Speaker: Janosch Rieger (Monash University)

Title: Solution sets of relaxed one-sided Lipschitz multifunctionse

Abstract: Relaxed one-sided Lipschitz multifunctions arise in a natural way, for example in control theory and deterministic uncertainty quantification. This talk is concerned with the set of all solutions of the algebraic inclusion 0 ϵ F(x), where F is l-relaxed one-sided Lipschitz with l < 0. The analysis of this solution set is based on Kakutani’s fixed point theorem.

Speaker: Vera Roshchina (RMIT University)

Title: Counterexample to De Pierro’s conjecture

Abstract: I will illustrate the impact of facial structure on the performance of numerical methods using the recent counter-example to De Pierro’s conjecture about the convergence of under-related cyclic projections.

Speaker: Andrew Eberhard (RMIT University)

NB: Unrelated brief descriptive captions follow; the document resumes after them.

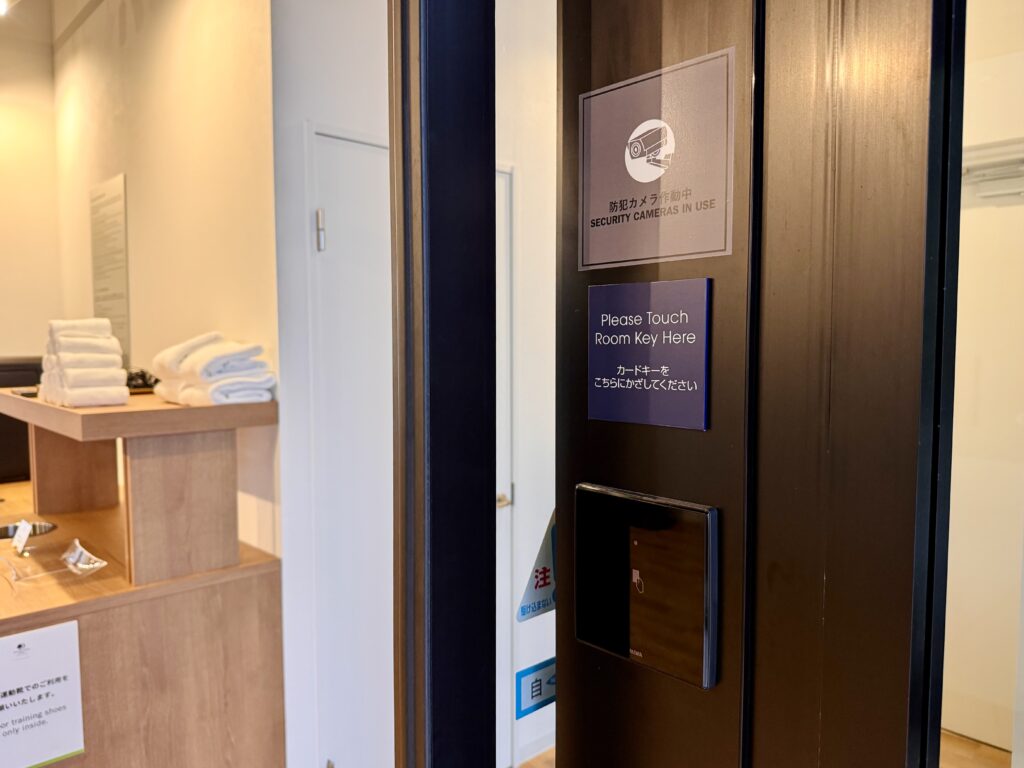 ダブルツリーbyヒルトン東京有明 フィットネスジム入口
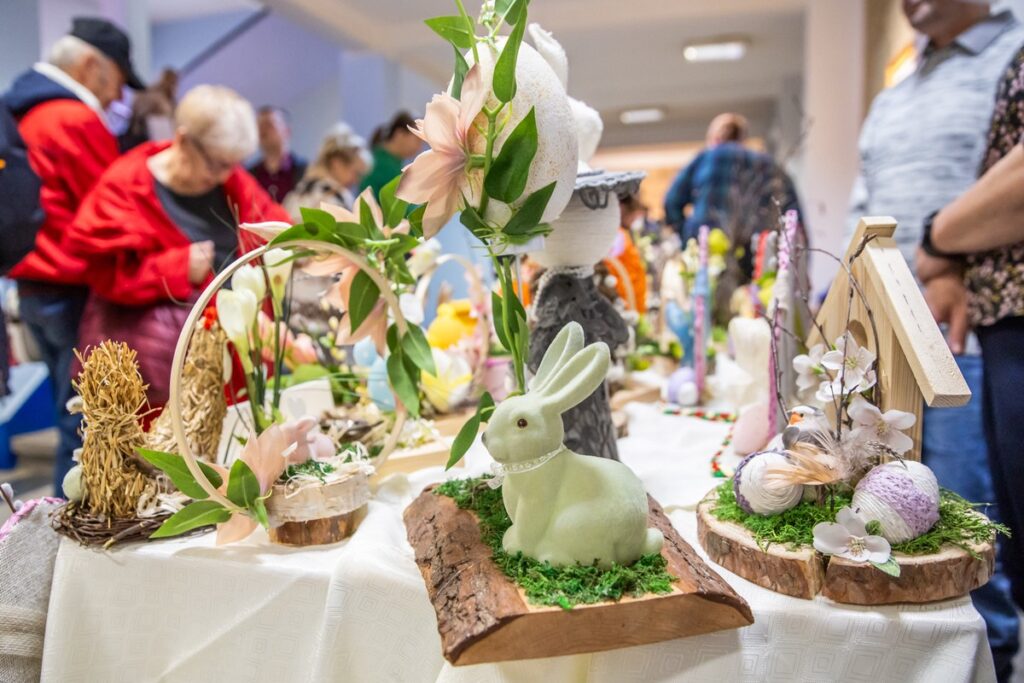 Wielkanocna wystawa rękodzieła „My też potrafimy” w Urzędzie Marszałkowskim, fot. Andrzej Goiński/UMWKP Easter crafts exhibition ‘We too can do’ at the Marshal's Office, photo: Andrzej Goiński/UMWKP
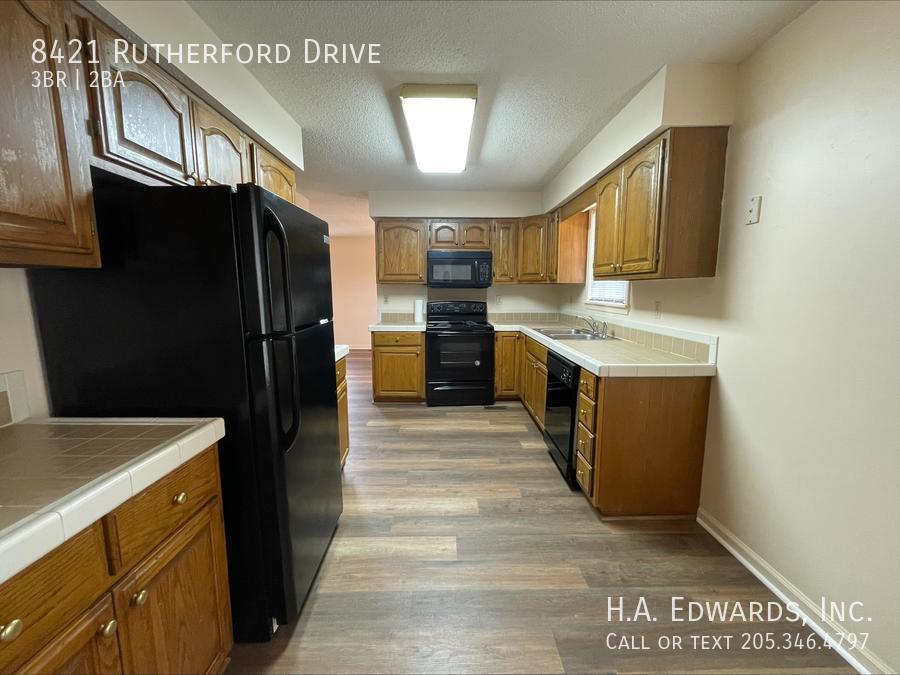 8421 Rutherford Drive property image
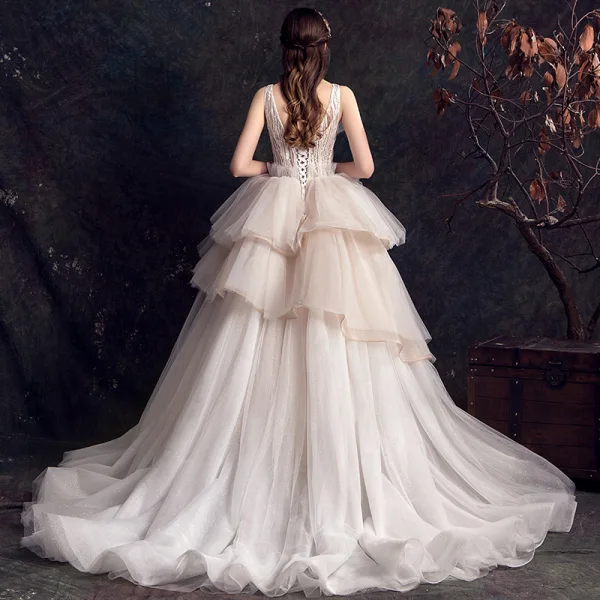 Schöne Champagner Durchsichtige Brautkleider / Hochzeitskleider 2019 Ballkleid Tiefer V-Ausschnitt Ärmellos Rückenfreies Glanz Tülle Perlenstickerei Hof-Schleppe Fallende Rüsche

Title: A fixed point operator in discrete (and continuous) optimisation duality

Abstract: I will discuss some duality structures that have appeared in discrete optimisation duality in conjunction with studies of discrete proximal point algorithm, augmented Lagrangian duality, supporting theory for the “Feasibility Pump” and more recently with regard to Stochastic Integer programming. A common theme appears involving a fixed point operator.